Archivematica Data Flow

107 views
Skip to first unread message

Matthew Gettemy

unread,
Sep 25, 2015, 9:01:11 AM9/25/15
to archivematica
Hi,
I am running Archivematica 1.4.1. 

I guess it probably depends on how you have microservices set up, but I was wondering if Archivematica has multiple instances of a given transfers data out there simultaneously. It seems like when a transfer is happening that that space utilized is greater than the size of the data bundled in the transfer - is there a way to know what this is...are there two copies of the data? Also wondering if there is any documentation describing the data flow through the /var/archivematica file structure. 


Thanks!
Matthew

Sarah Romkey

unread,
Sep 30, 2015, 11:48:48 AM9/30/15
to archiv...@googlegroups.com
Hello Matthew,

You are correct, Archivematica requires more processing space than the transfer itself for a couple of reasons- depending on what you're running and the number of files in your transfer, some of the services can be resource intensive- for example, many logs are created when you run Examine Contents, and for transfers with many files, the transfer METS file can be very large once it is created. Unless you hit upon a bug, Archivematica should only be creating duplicate copies of digital objects when you move objects into the pipeline, into/out of transfer backlog, and the into archival storage. Some micro-services require extra space such as Normalization and AIP packaging.

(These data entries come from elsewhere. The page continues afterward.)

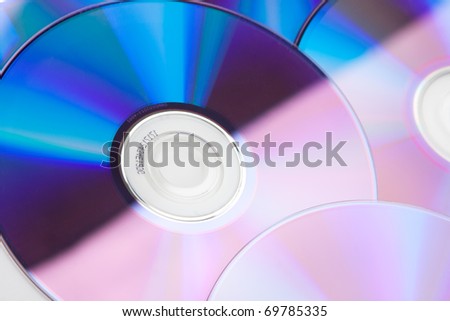 Close-up view of colorful CDs. Diagonal view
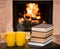 Two cups of coffee with books on the background of the fireplace
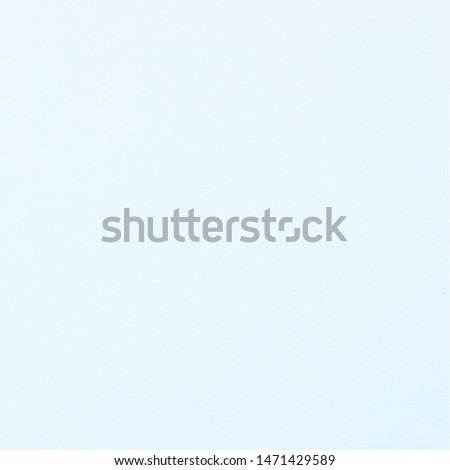 Photo of square format frame with filled plain pale blue colour for use as background, backdrop or template for card note poem or haiku or double exposure image with blank copyspace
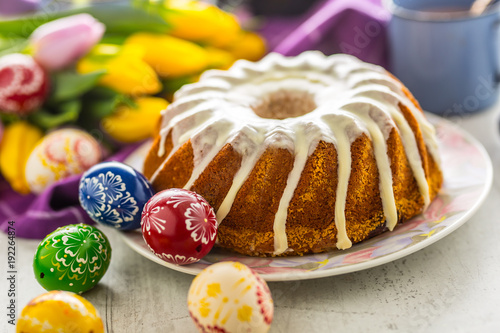 Easter Cake. Traditional ring marble cake withe easter decotation. Easter eggs and spring tulips. photo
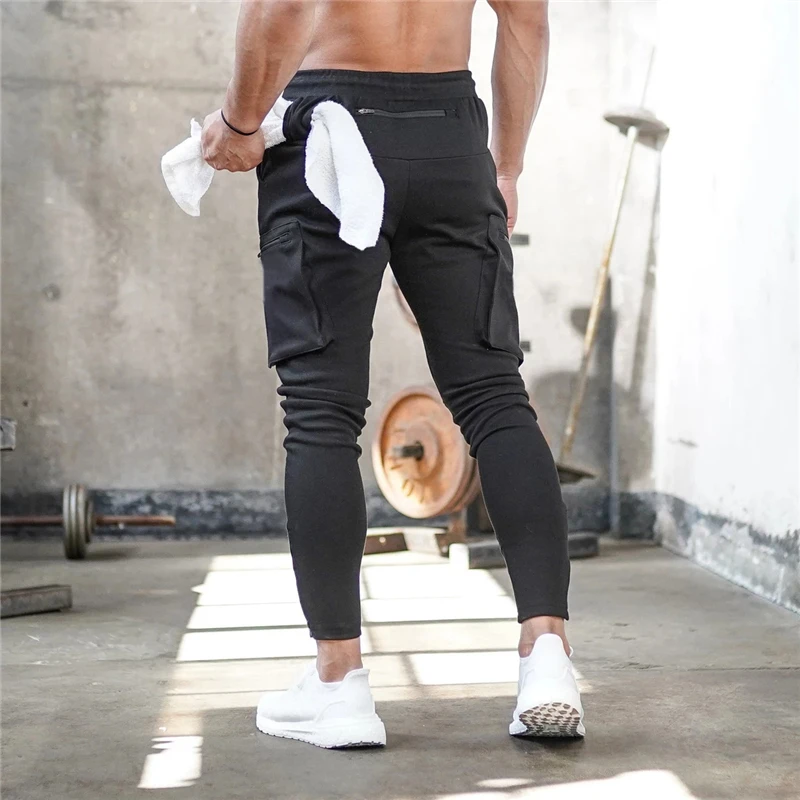 Vīriešu Jogger Pnats Treniņbikses Cilvēks vingrošanas zāles Treniņa Fitnesa Kokvilnas Bikses Vīriešu Gadījuma Modes Izdilis Dziesmu Bikses Rāvējslēdzēju dizaina Bikses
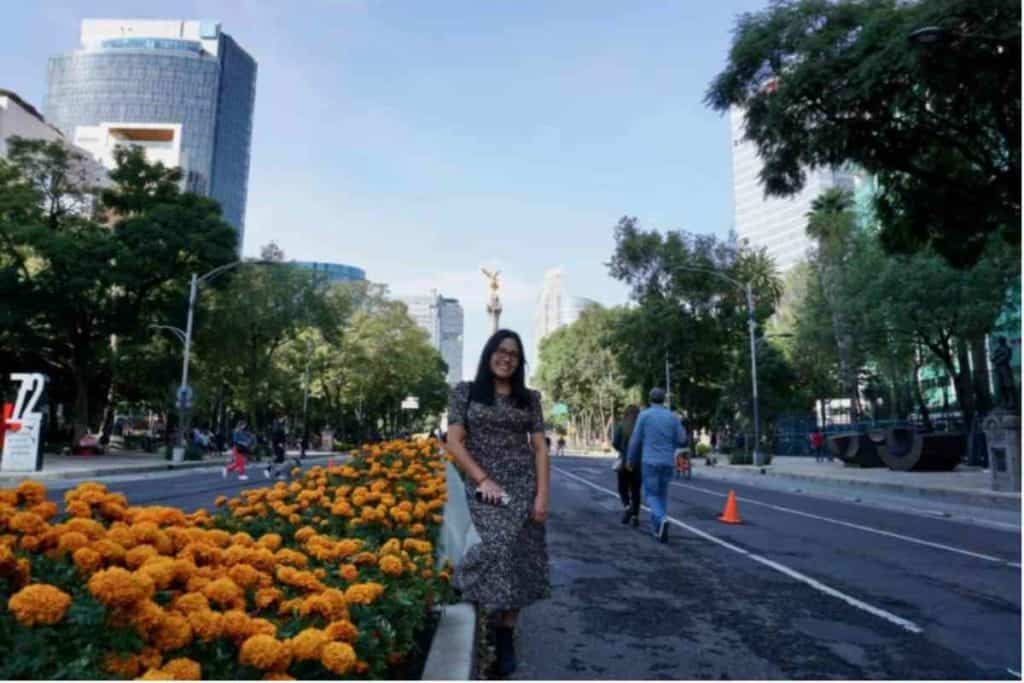Girl with dress standing on Reforma Ave. in front of Angel of Independence with orange flowers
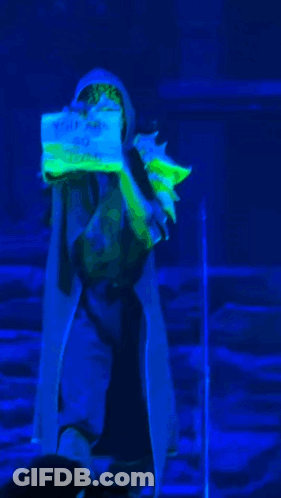 Person In Blue Light Holding I Love You Sign GIF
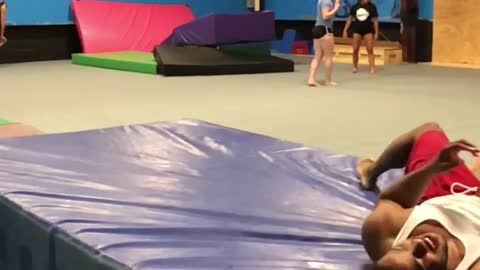 Guy red shorts misses trapeze front flip falls on blue floor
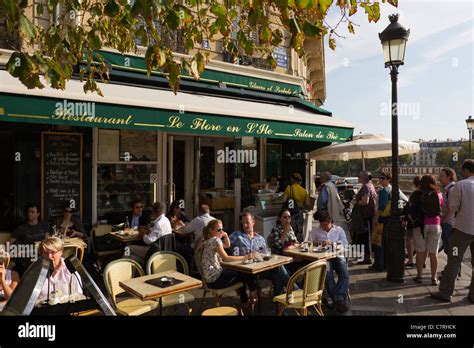 A restaurant on the Ile St Louis, Paris, with a queue to the right for ...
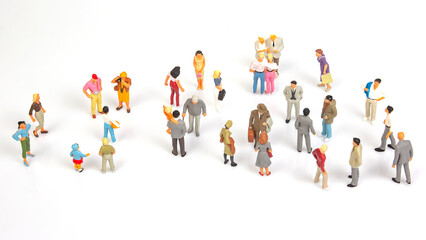 miniature people. group of different people communicate with each other on a white background....
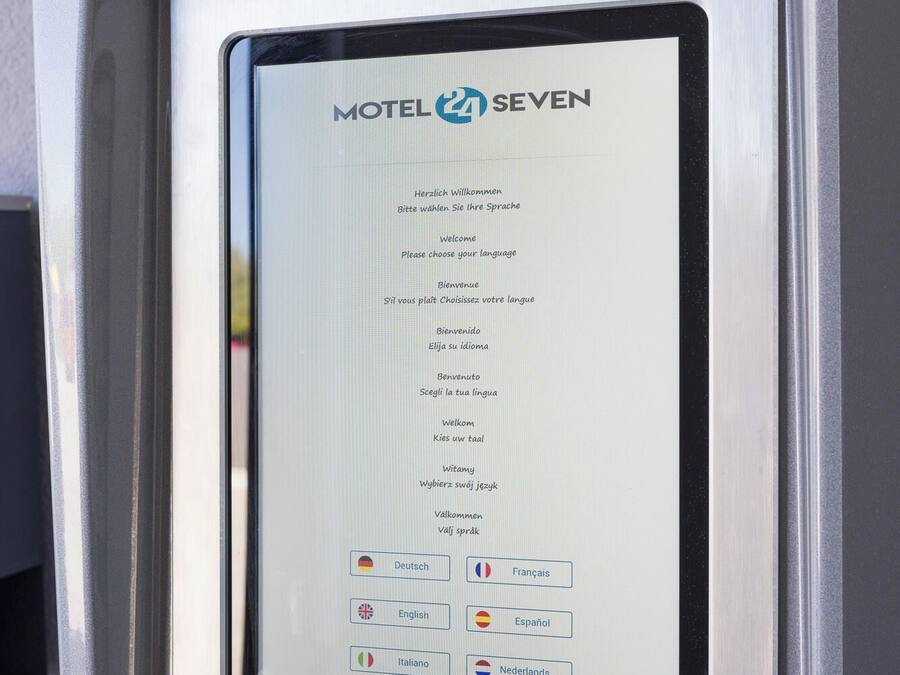 A self-service kiosk with a screen displaying language options for a motel.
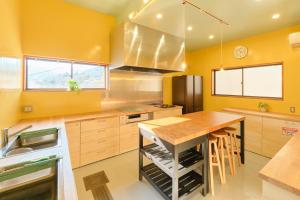 a kitchen with yellow walls and a wooden counter top at Ryokan -Suikoen- by Tranova in Yugawara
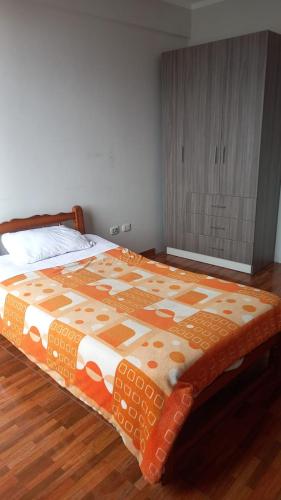 AyacuchoDepa في اياكوتشو: سرير مع لحاف برتقالي وبيض في غرفة النوم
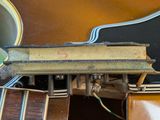 a close up of a guitar with a guitar picker attached to it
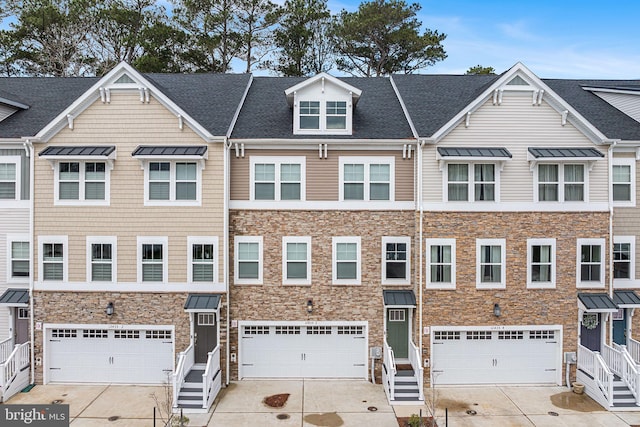 12435 Sea Oaks Ln Unit 3, Berlin, MD 21811 - view of property featuring an attached garage, roof with shingles, concrete driveway, and stone siding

I think the closest thing we have to documentation on this is our Micro-services wiki page (https://wiki.archivematica.org/Micro-services). If you expand each micro-service you get a bit more detail on what's going on. Any place where it says "Move to processing directory" or similar, Archivematica is moving, not copying, the content.

Hope that helps clarify things a bit.

Cheers,

Sarah

Sarah Romkey, MAS,MLIS
Systems Archivist
Artefactual Systems
604-527-2056
@archivematica / @accesstomemory



--
You received this message because you are subscribed to the Google Groups "archivematica" group.
To unsubscribe from this group and stop receiving emails from it, send an email to archivematic...@googlegroups.com.
To post to this group, send email to archiv...@googlegroups.com.
Visit this group at http://groups.google.com/group/archivematica.
For more options, visit https://groups.google.com/d/optout.

Matthew Gettemy

unread,
Oct 1, 2015, 3:39:10 PM10/1/15
to archivematica
Hey Sarah, 
That is very helpful, thank you! The issue came up because we allotted a partition for /var/archivematica that was only slightly larger than a transfer we were testing. We are also in the process of trying to determine how to size the partitions to handle our expected future load. More testing required!

- Matthew

Justin Simpson

unread,
Oct 1, 2015, 4:18:44 PM10/1/15
to archiv...@googlegroups.com
One heuristic that has been useful is to consider the largest transfer you would want to process at once, and allocate 3 to 4 times as much space, for your processing location (i.e., /var/archivematica/sharedDirectory).  This allows normalization for access and normalization for preservation to both be run, as well as the examine contents microservice.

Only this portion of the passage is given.